2) When it comes to the actual implementation, should I create a normal vmdk image on the LUN, or should I give it a "raw" partition (if that's even possible with ESXi?)

3) Is there a "good" way to use non-clustered fileservers?

Best Answer

Your plan is not nuts. As usual, there's more than a few ways to attack this based on what you're trying to achieve and how to protect your data.

First up, you can present a raw LUN to a VM using a "Raw Device Mapping". To do this:

  • Present the LUN to the ESXi host (or host group, if you are going to use clustering/HA)
  • Add a disk to your VM, select Raw Device Mapping, point at the LUN
  • Rescan the SCSI bus inside the VM
  • fdisk, mount and add to fstab, just like a normal disk.

Upside: fast to set up, fast to use, easy, can represent the disk to physical host if you find yourself needing to V2P down the track

Downside: you may lose some VMware-based snapshot/rollback options, depending on if you use physical or virtual compatibility mode

An alternate option is to create VMFS on the LUN to create a datastore, then add a VMDK disk to the VM living on that datastore.

  • Upside: it's Storage vMotion-friendly if you ever buy a license to use it. This allows for hot migration of VMDK disks between LUN's and even SAN's.

In both cases, you're in a similar risk position should VMware or your VM eat the filesystem during a failure; one is not drastically better than the other although what recovery options will be available will be quite different.

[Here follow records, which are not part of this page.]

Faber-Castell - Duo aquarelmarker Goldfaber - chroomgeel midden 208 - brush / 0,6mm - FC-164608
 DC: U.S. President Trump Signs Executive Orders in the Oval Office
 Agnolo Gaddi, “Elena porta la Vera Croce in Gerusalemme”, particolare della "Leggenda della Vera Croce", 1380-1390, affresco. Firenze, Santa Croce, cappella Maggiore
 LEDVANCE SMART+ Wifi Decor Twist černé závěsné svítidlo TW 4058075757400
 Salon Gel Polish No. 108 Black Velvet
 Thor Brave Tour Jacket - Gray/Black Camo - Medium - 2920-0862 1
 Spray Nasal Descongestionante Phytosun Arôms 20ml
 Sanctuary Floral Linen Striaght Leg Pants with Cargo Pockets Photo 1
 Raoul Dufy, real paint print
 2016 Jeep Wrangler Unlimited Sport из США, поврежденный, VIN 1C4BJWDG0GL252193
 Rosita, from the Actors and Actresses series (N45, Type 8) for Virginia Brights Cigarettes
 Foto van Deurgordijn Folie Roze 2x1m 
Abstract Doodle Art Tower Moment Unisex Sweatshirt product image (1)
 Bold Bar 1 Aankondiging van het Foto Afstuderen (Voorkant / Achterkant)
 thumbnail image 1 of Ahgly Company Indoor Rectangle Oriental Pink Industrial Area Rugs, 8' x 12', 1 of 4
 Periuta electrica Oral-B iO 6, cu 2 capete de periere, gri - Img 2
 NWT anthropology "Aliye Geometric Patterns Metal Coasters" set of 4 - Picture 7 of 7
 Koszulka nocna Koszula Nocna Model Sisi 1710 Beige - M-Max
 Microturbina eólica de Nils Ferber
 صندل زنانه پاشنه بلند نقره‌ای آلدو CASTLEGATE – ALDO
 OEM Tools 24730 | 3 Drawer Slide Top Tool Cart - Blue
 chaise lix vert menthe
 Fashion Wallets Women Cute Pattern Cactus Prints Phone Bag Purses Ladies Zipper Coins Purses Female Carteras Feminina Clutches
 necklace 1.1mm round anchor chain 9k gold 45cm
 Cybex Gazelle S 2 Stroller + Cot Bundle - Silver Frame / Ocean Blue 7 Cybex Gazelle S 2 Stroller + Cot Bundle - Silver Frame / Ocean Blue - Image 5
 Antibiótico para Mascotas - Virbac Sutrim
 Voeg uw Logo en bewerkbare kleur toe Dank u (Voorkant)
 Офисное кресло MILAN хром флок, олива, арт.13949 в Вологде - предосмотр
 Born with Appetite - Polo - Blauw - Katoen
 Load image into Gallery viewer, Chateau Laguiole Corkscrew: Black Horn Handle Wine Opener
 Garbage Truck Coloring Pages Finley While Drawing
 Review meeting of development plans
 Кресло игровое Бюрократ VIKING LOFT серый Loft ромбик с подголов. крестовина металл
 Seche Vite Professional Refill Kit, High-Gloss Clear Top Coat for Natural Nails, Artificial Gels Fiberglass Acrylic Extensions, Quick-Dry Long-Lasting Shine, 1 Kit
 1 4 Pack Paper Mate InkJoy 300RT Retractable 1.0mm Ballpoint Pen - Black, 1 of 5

I don't deploy RDM's unless I have to; I've found they don't buy me much flexibility as a VMDK (and I've been bitten by bugs that made them impractical when performing other storage operations (since fixed - see RDM section in that link))


As for your VM, your best bet for flexibility is to store your fileserver's boot disk as a VMDK on the SAN so that you can have other hosts boot it in the case of a host failure. Using VMware's HA functionality, booting your VM on another host is automatic (the VM will boot on the second host as if the power had been pulled; expect to perform the usual fsck's and magic to bring it up as in the case of a normal server). Note, HA is a licensed feature.

To mitigate against a VM failure, you can build a light clone of your fileserver, containing the bare minimum required to boot and have SAMBA start in a configured state and store this on each host's local disk, awaiting you to add the data drive from the failed VM and power it on.

This may or may not buy you extra options in the case of a SAN failure; best case scenario, your data storage will require a fsck or other repair, but at least you don't have to fix, rebuild or configure the VM on top. Worst case, you've lost the data and need to go back to tape... but you were already in that state anyway.